* The data:
════════════════════

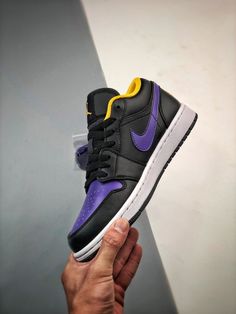 Air Jordan 1 Low Black/Dark Concord-Taxi 553558-075 Walk the talk and make a statement with our top-quality Sneakers. Shop now and step up your shoe game! Please carefully choosing the size number according the size chart as we CAN NOT offer return or refund if you choose a wrong size.The product need 3-5 business days to check the quality before shipping.Our High Quality Shoes models are various, please contact to our support to ask for the model you need.Because each device displays a different color. Therefore, the actual color of the item may not be 100% the same as the [...] Jordan 1 Milan, Air Jordan 1 Low Black, Jordan 1 Blue, Blue Chill, Yellow Taxi, Nike Brand, Air Jordan 1 Low, High Quality Shoes, Jordan 1 Low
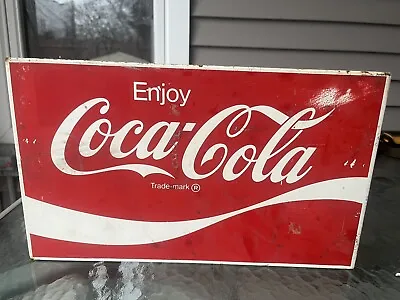 Vintage Coca Cola Metal Box • $89.99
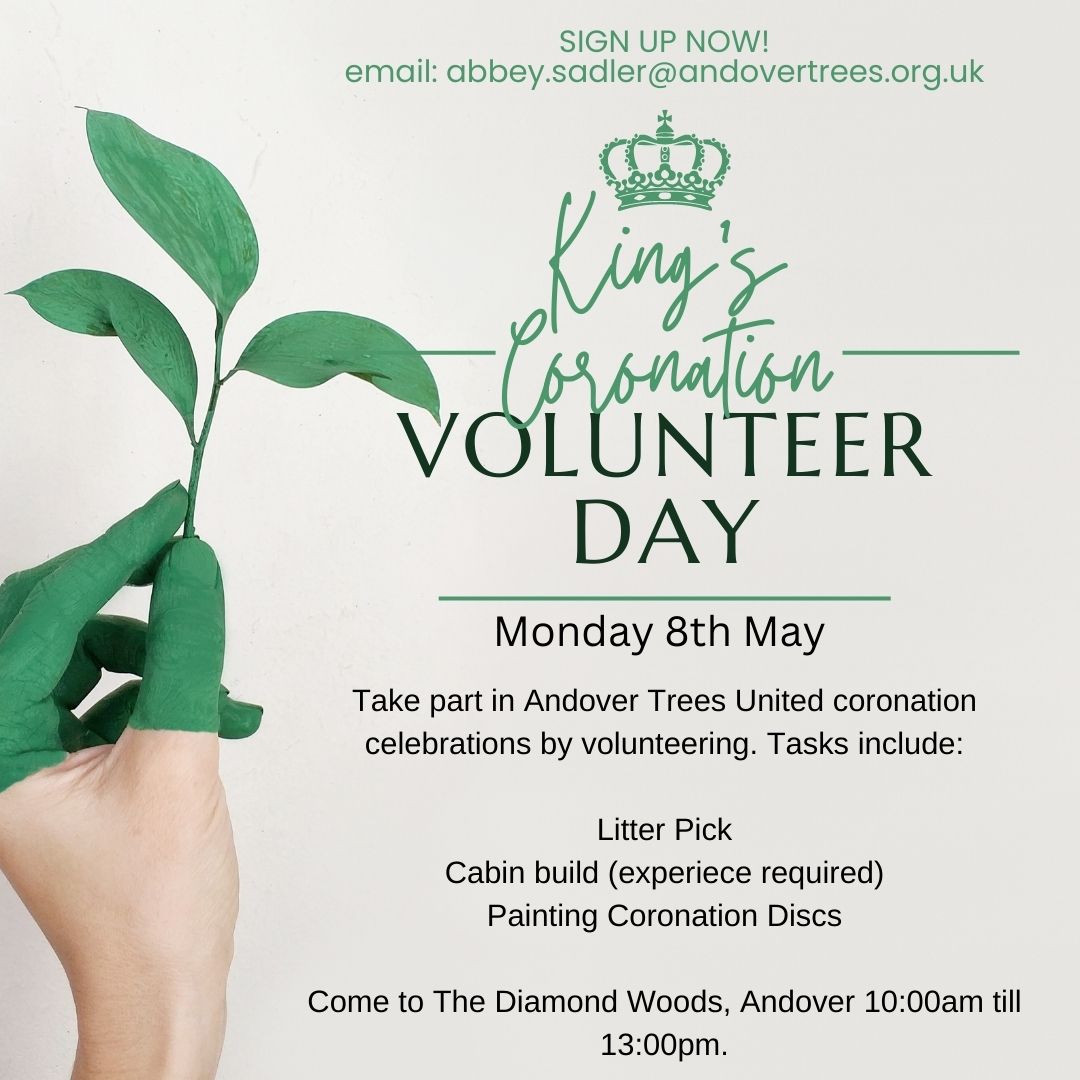 Andover_Trees's tweet photo. Come and help us celebrate the coronation of our new King!
Volunteering day and Picnic Lunch (bring your own) on Monday 8th May, 10am till 1pm at Harmony Woods
To signup email: abbey.sadler@andovertrees.org.uk
#kingscoronation #volunteering #andovertrees #pinic #litterpick https://t.co/jpxzjbF5Qh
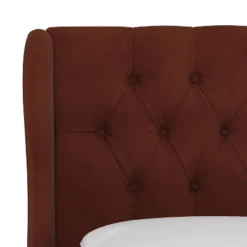 Wingback Platform Bed Velvet - Skyline Furniture -Living Room Furniture Store GUEST 9056210f 955a 47e0 a7a6 a46905ca425d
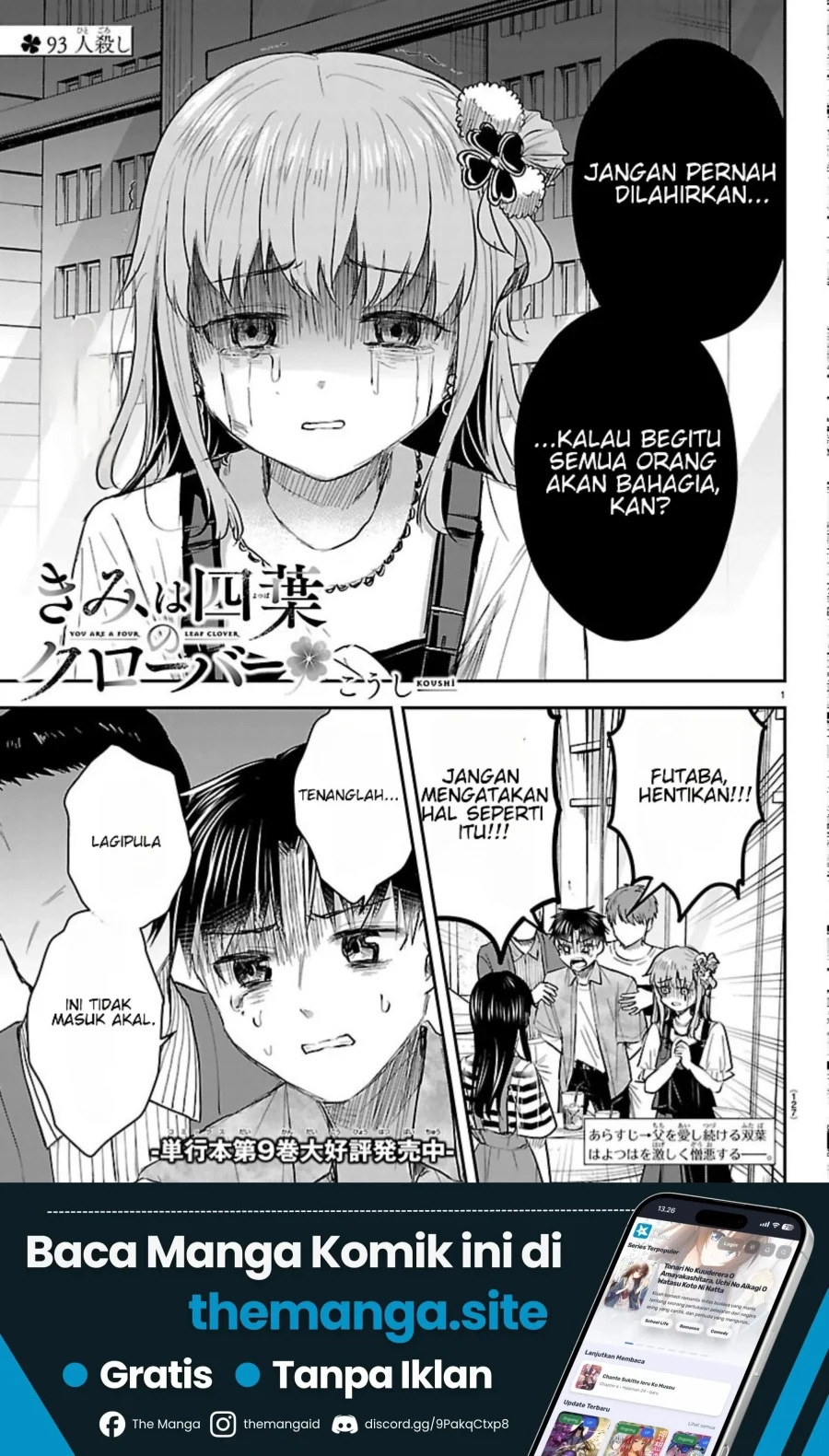 Manga Kimi wa Yotsuba no Clover Chapter 93 gambar 2
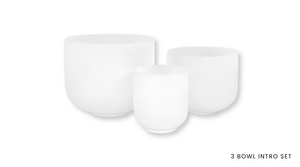 3-Note Crystal Singing Bowl Intro Set
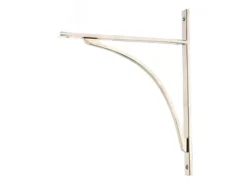 Anvil Polished Nickel 314 X 250mm Apperley Shelf Bracket| 51141 -Ironmongery Experts Shop 51141 main s.jpg.mst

════════════════════

* To do:
Would you return all the data exactly as given, minus the pictures?

* Exercise result:
 Air Jordan 1 Low Black/Dark Concord-Taxi 553558-075 Walk the talk and make a statement with our top-quality Sneakers. Shop now and step up your shoe game! Please carefully choosing the size number according the size chart as we CAN NOT offer return or refund if you choose a wrong size.The product need 3-5 business days to check the quality before shipping.Our High Quality Shoes models are various, please contact to our support to ask for the model you need.Because each device displays a different color. Therefore, the actual color of the item may not be 100% the same as the [...] Jordan 1 Milan, Air Jordan 1 Low Black, Jordan 1 Blue, Blue Chill, Yellow Taxi, Nike Brand, Air Jordan 1 Low, High Quality Shoes, Jordan 1 Low
 Vintage Coca Cola Metal Box • $89.99
 Andover_Trees's tweet photo. Come and help us celebrate the coronation of our new King!
Volunteering day and Picnic Lunch (bring your own) on Monday 8th May, 10am till 1pm at Harmony Woods
To signup email: abbey.sadler@andovertrees.org.uk
#kingscoronation #volunteering #andovertrees #pinic #litterpick https://t.co/jpxzjbF5Qh
 Wingback Platform Bed Velvet - Skyline Furniture -Living Room Furniture Store GUEST 9056210f 955a 47e0 a7a6 a46905ca425d
 Manga Kimi wa Yotsuba no Clover Chapter 93 gambar 2
 3-Note Crystal Singing Bowl Intro Set
 Anvil Polished Nickel 314 X 250mm Apperley Shelf Bracket| 51141 -Ironmongery Experts Shop 51141 main s.jpg.mst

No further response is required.